Jon Shaver, Sally Nystuen Vahle, Christopher Llewyn Ramirez and Liz Mikel in the Dallas Theater Center production of Lynn Nottage’s Sweat. Photo by Evan Michael Woods.

At the same time, he found bringing in actors, directors and designers from other cities sometimes disconnected the art from Dallas audiences. Establishing the Brierley Resident Acting Company with actors who lived and created in the city would also help create a community of artists inside the theater who were deeply tied to the greater Dallas community.

Melrose proclaims a similar philosophy, using the analogy of farm-to-table restaurants to explain how he wants to direct with the best, local ingredients. Of course, those ingredients will also influence how the A.D. chef creates a seasonal menu. Focusing on some of the practicalities of programming a season for a resident company, Melrose explains that most of the time, the economical two-person play doesn’t help him.

“I read the plays with our company in mind and think about where everybody fits,” say Melrose. “If we’re going to have 8 to 10 actors committed to being in the company, I’ve got to make sure they’re busy over the course of a season.” He does note that the Alley’s two stages allows simultaneously producing an intimate play with imported actors and an expansive company production.

As he settles into his new role, Melrose says one of his goals will be to bring more diversity into the company, while also defining what the company means for individual actors, admitting it’s been “nebulous” in the past.

For Moriarty, reflecting Dallas remains a primary goal for the company, which in this season’s iteration is evenly divided between men and women, with half being actors of color. “If there aren’t meaningful opportunities for a member of my company, it causes me to pause before I finalize the season and either ask whether I have overlooked that actor in some way—in which case I need to change some plays.

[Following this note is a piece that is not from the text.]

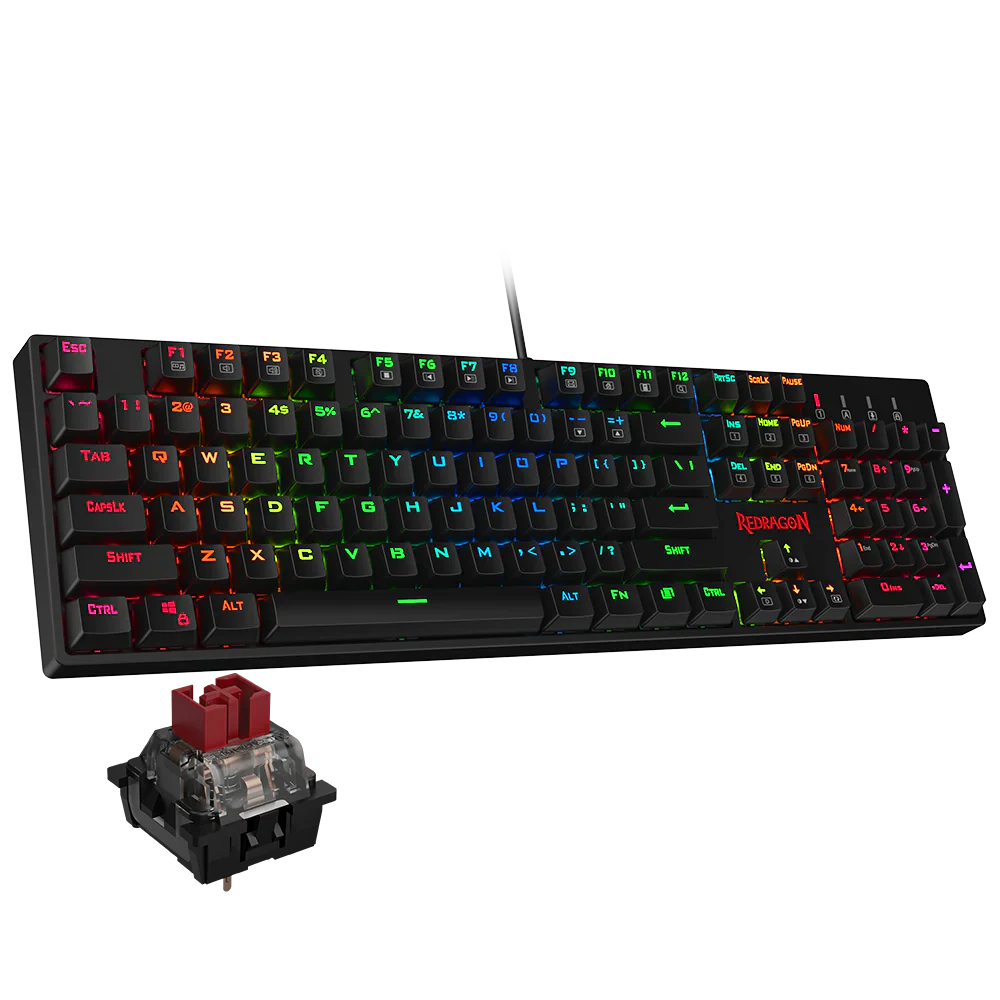 Redragon K582 RGB Surara Mechanical Gaming Keyboard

Or I might have to ask whether that’s a great actor who’s no longer most suited to how the city itself is changing.”

Hannah Kenah, Lana Lesley, Lowell Bartholomee, Mari Akita, Robert S. Fisher, and Thomas Graves in Field Guide, created by Rude Mechs, Yale Repertory Theatre, January 2018. Photo by Joan Marcus.

Yet if Dallas and Houston have defied current regional theater norms with an old theater model, Austin’s Rude Mechs have gone positively ancient, embracing the archetype of roaming players who can create new works whenever they find a willing audience. The Mechs call themselves an ensemble-based theater collective, one with five co-producing artistic directors. Theirs is another form of company that perhaps works well for the keep-Austin-weird environment it evolved within.

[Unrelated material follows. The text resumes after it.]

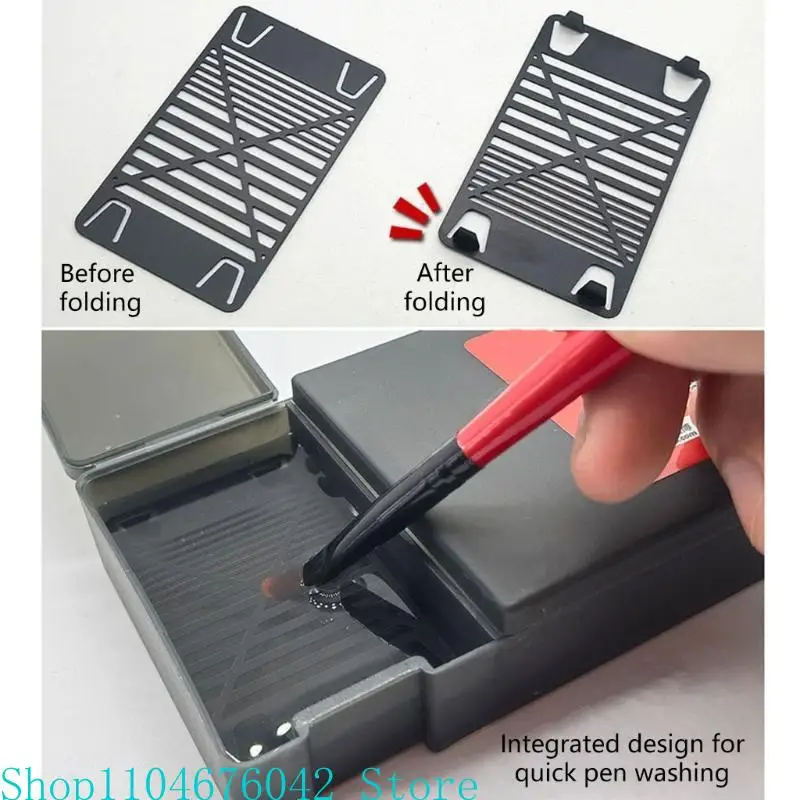 طراز 5ASD الطلاء مربع الرطوبة مربع اللوحات الرطبة لعمر الطلاء الممتد وخلط سهل مع مقصورات منفصلة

“We function a little more like a band,” says one of the five, Lana Lesley. “We do a lot of touring, and that is not something every actor can accommodate in their lives. We don’t have a set method for creating a new piece, but we do create our work collaboratively. Everyone has a voice. We also appoint leaders to be the boss of areas and execute those things so our plays are concise and cohesive.”

“When we start a new project, we invite everyone in the company to take part in the process, and usually end up working with whoever showed up,” explains Lesley.

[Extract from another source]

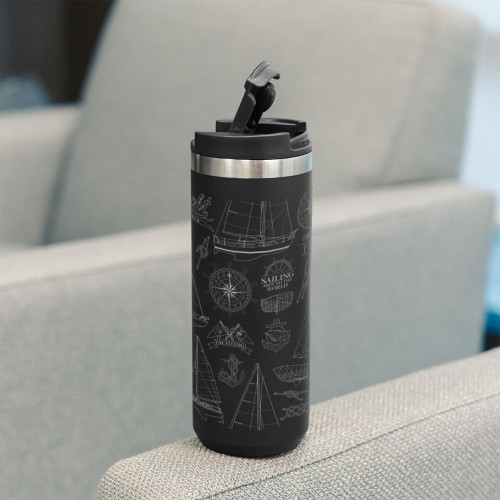 18 Oz. Full Laser Sienna Stainless Steel Bottle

Fellow A.D. Kirk Lynn acknowledges that this leaderless way of creating might be hard to grasp, but believes with no one in charge “many things are possible.” He also notes that the company has lasted 20 years and become good at “taking care of each other.”

Perhaps it’s that sense of family and community, along with that famous lone star pride that keeps the resident acting company model alive in Texas.

“I think a great city, like Dallas, like Houston, like Austin, needs artists living in and among the people and creating work with and for the people, which is a very different thing than importing somebody to tell a story that’s on their mind in New York or in LA,” affirms Moriarty.